### What you have to do
Without copying any picture, transcribe exactly the lines of the data below from the one containing "Welcome to the" through the one containing "Have you ever".

### Working data
__________

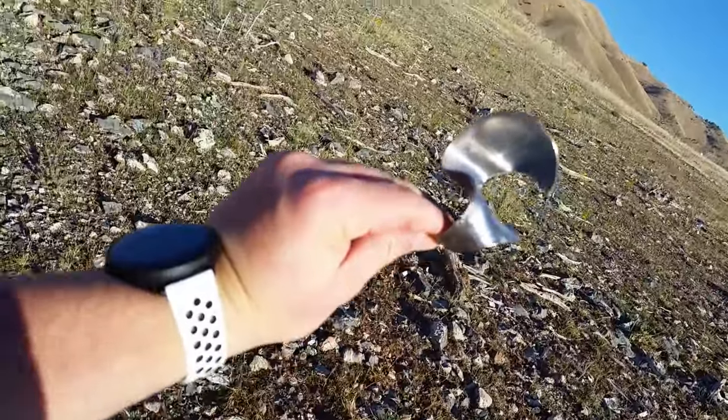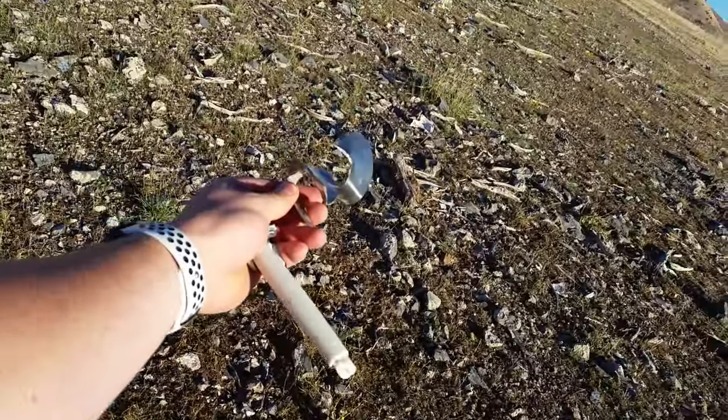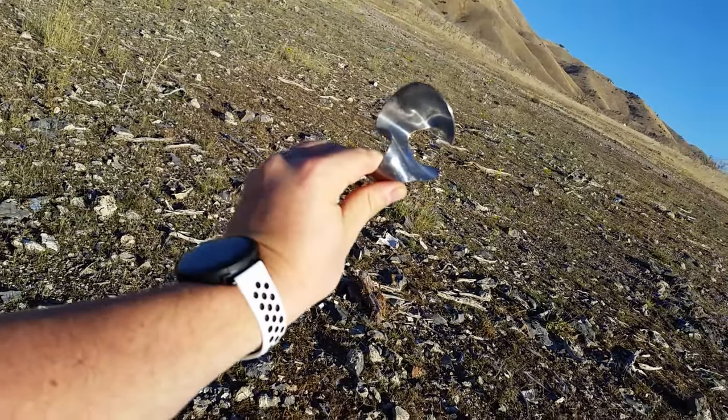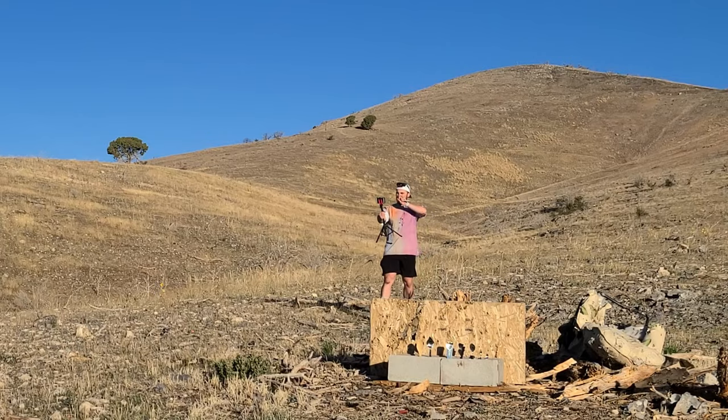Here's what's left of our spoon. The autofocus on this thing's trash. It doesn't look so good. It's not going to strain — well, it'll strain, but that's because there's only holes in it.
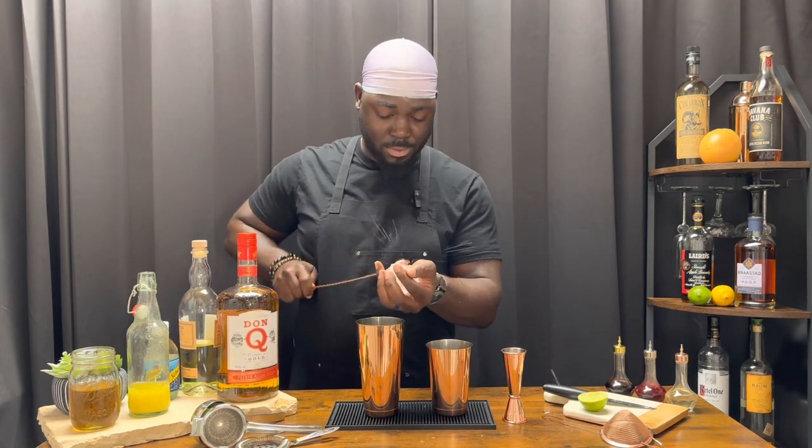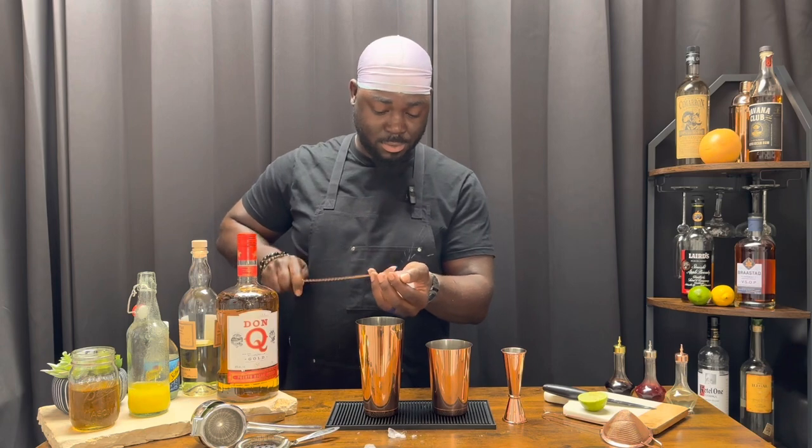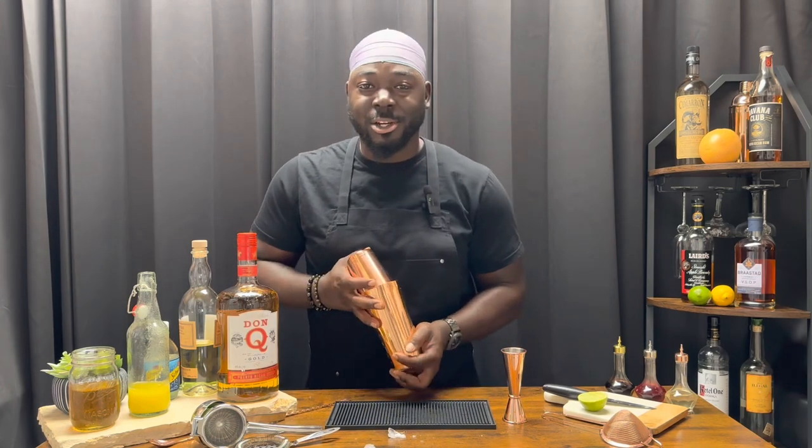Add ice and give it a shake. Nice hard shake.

__________

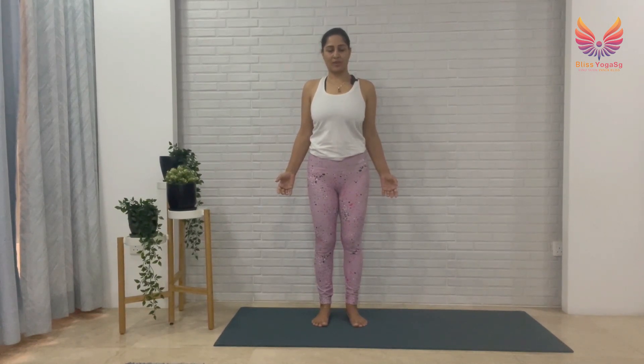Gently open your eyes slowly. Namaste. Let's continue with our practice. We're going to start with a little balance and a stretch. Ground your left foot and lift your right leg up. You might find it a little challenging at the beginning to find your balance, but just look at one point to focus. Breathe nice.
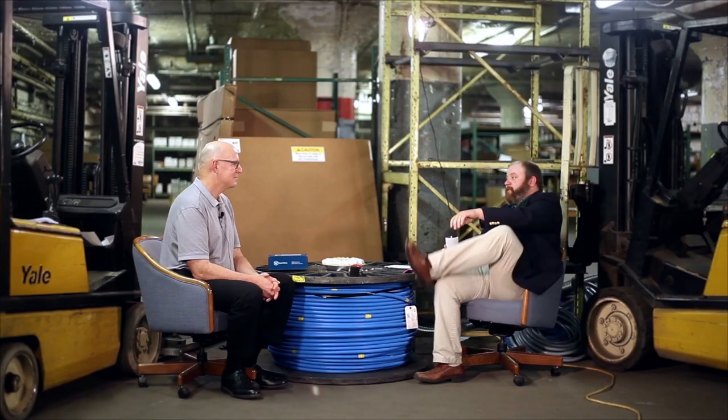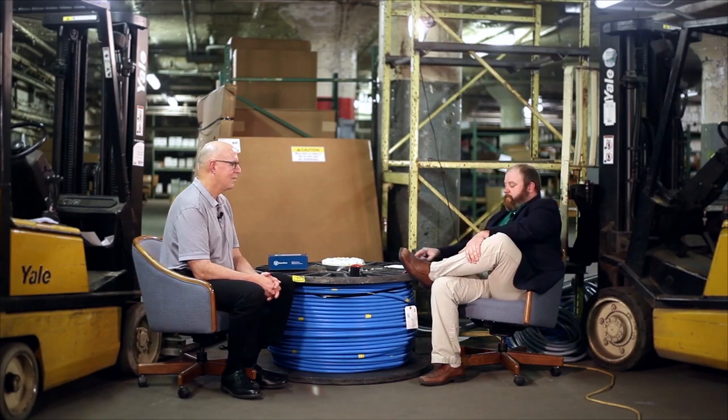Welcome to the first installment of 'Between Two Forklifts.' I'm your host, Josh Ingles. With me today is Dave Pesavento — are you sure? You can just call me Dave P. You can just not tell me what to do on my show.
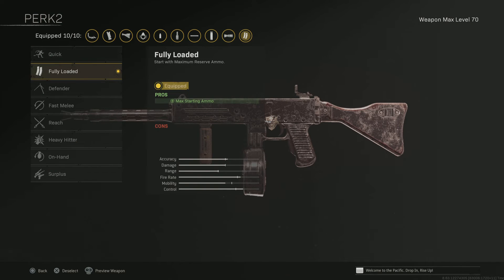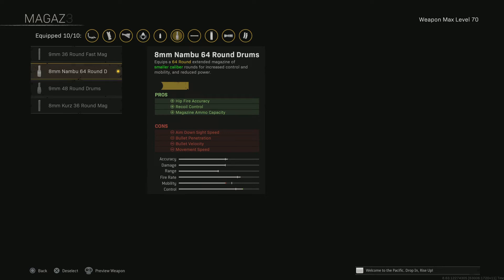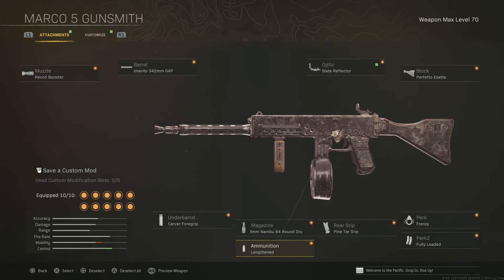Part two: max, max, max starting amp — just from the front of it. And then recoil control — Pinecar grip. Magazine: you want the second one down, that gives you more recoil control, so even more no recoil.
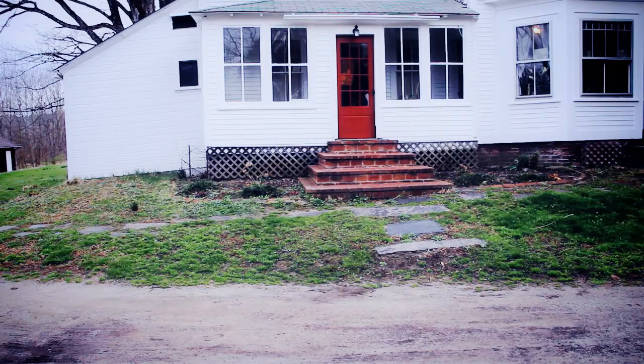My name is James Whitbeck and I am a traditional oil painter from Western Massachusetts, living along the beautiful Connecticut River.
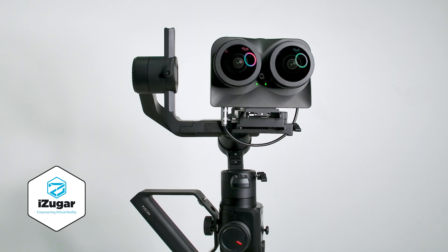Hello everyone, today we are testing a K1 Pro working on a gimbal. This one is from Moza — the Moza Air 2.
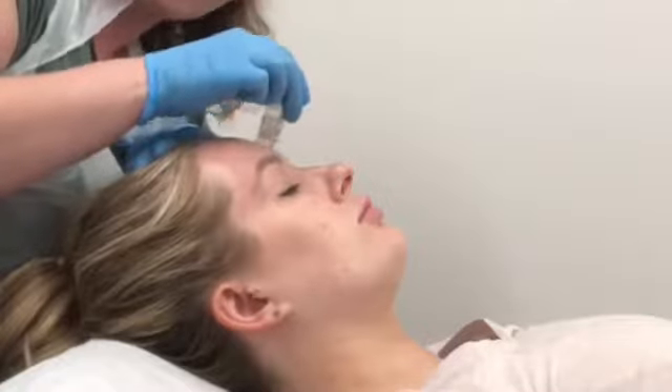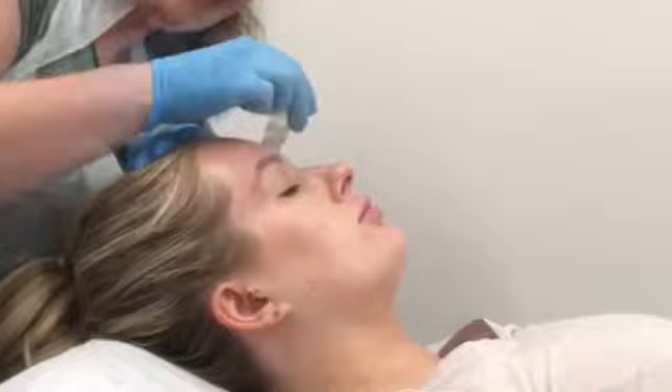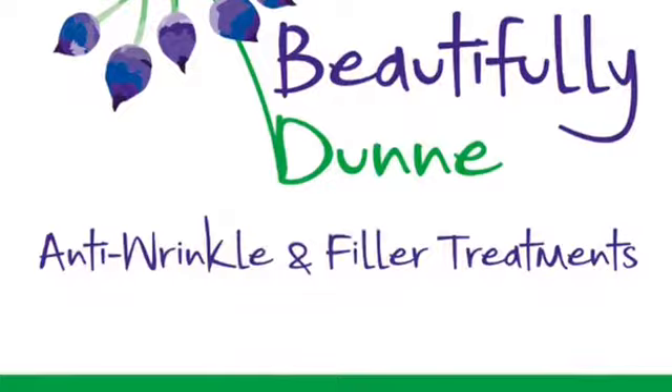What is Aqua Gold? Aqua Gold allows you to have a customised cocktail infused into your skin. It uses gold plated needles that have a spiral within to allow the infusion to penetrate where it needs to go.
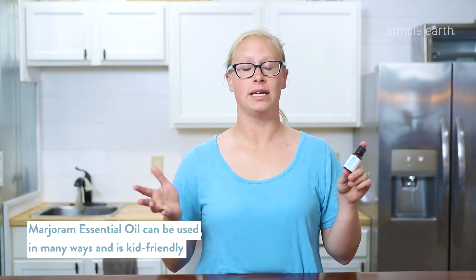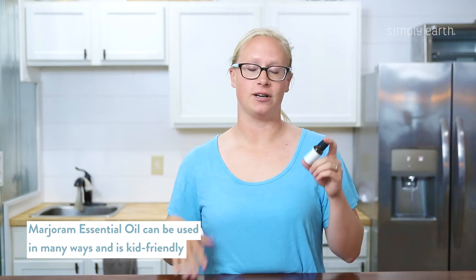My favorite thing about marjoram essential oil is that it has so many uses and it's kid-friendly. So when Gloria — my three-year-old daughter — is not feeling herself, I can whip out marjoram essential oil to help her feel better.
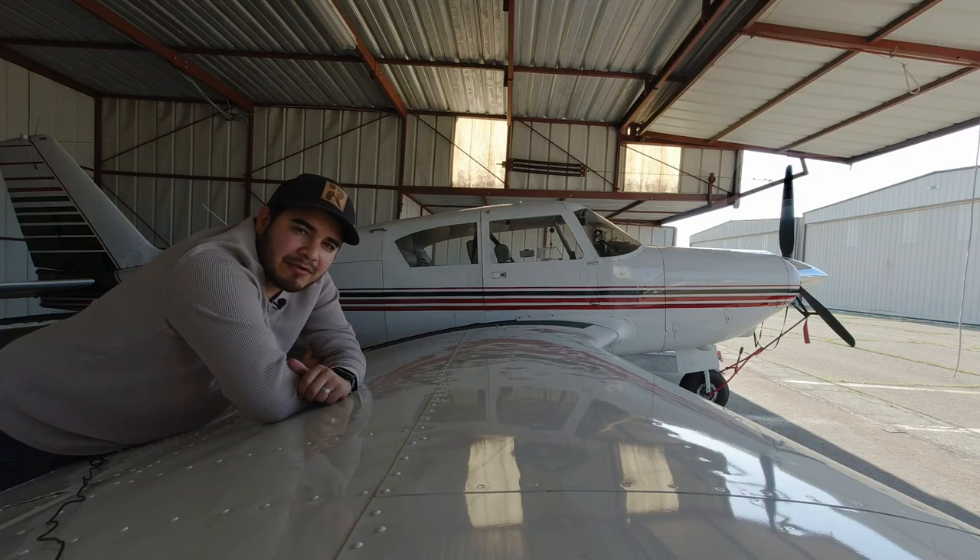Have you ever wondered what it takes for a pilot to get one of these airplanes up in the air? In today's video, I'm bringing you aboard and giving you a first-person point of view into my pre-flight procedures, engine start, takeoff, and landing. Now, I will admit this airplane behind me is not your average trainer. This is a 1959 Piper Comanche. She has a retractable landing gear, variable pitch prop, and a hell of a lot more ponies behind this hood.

__________

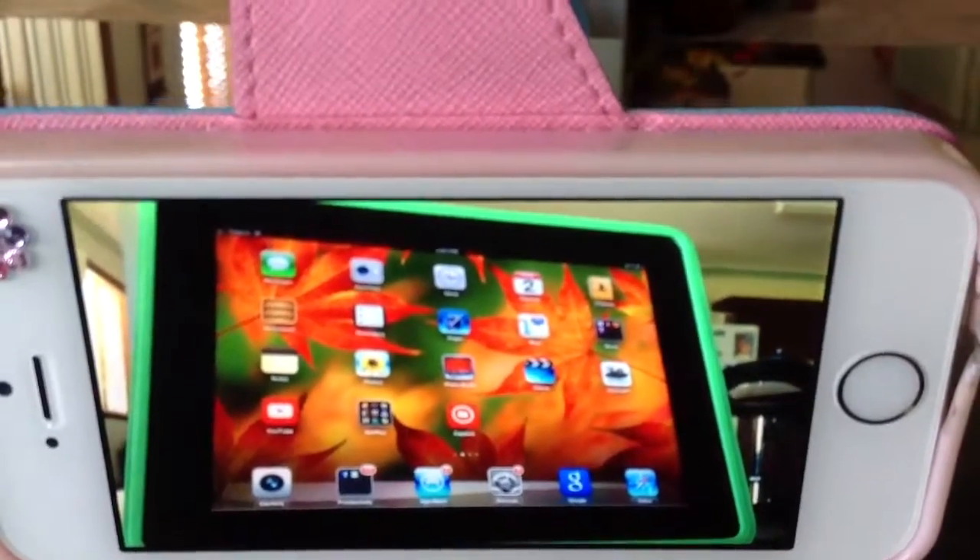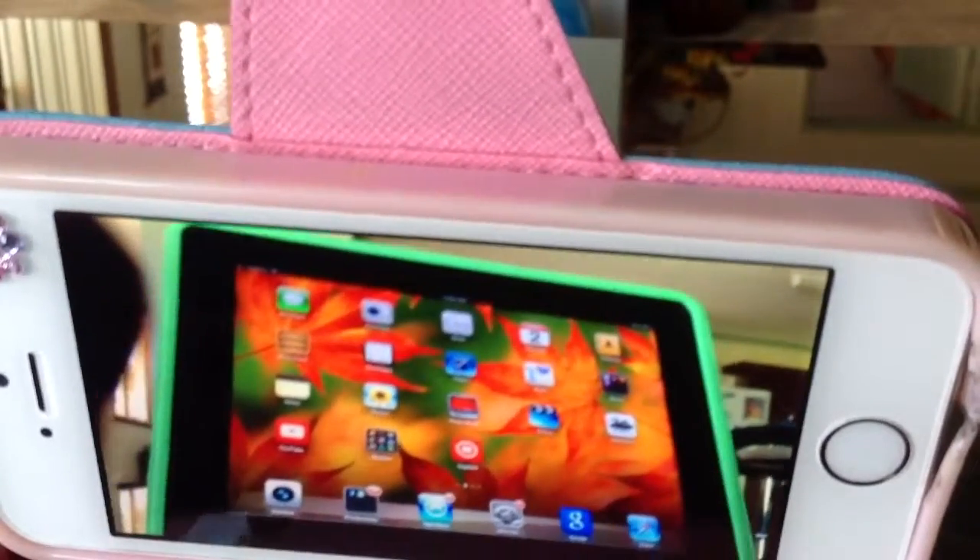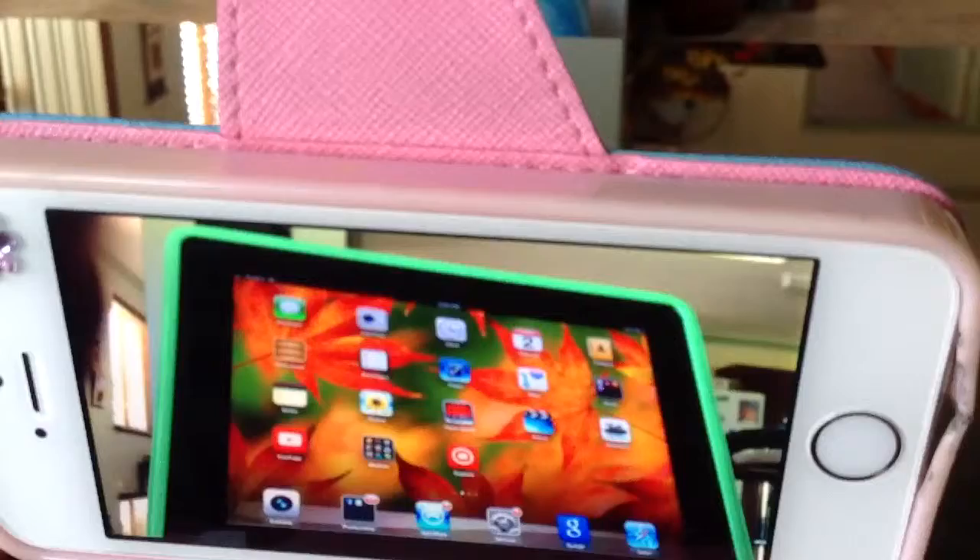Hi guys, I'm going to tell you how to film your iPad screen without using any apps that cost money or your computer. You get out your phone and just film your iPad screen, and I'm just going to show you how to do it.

__________

### Exercise solution
Welcome to the first installment of 'Between Two Forklifts.' I'm your host, Josh Ingles. With me today is Dave Pesavento — are you sure? You can just call me Dave P. You can just not tell me what to do on my show.
Part two: max, max, max starting amp — just from the front of it. And then recoil control — Pinecar grip. Magazine: you want the second one down, that gives you more recoil control, so even more no recoil.
My name is James Whitbeck and I am a traditional oil painter from Western Massachusetts, living along the beautiful Connecticut River.
Hello everyone, today we are testing a K1 Pro working on a gimbal. This one is from Moza — the Moza Air 2.
What is Aqua Gold? Aqua Gold allows you to have a customised cocktail infused into your skin. It uses gold plated needles that have a spiral within to allow the infusion to penetrate where it needs to go.
My favorite thing about marjoram essential oil is that it has so many uses and it's kid-friendly. So when Gloria — my three-year-old daughter — is not feeling herself, I can whip out marjoram essential oil to help her feel better.
Have you ever wondered what it takes for a pilot to get one of these airplanes up in the air? In today's video, I'm bringing you aboard and giving you a first-person point of view into my pre-flight procedures, engine start, takeoff, and landing. Now, I will admit this airplane behind me is not your average trainer. This is a 1959 Piper Comanche. She has a retractable landing gear, variable pitch prop, and a hell of a lot more ponies behind this hood.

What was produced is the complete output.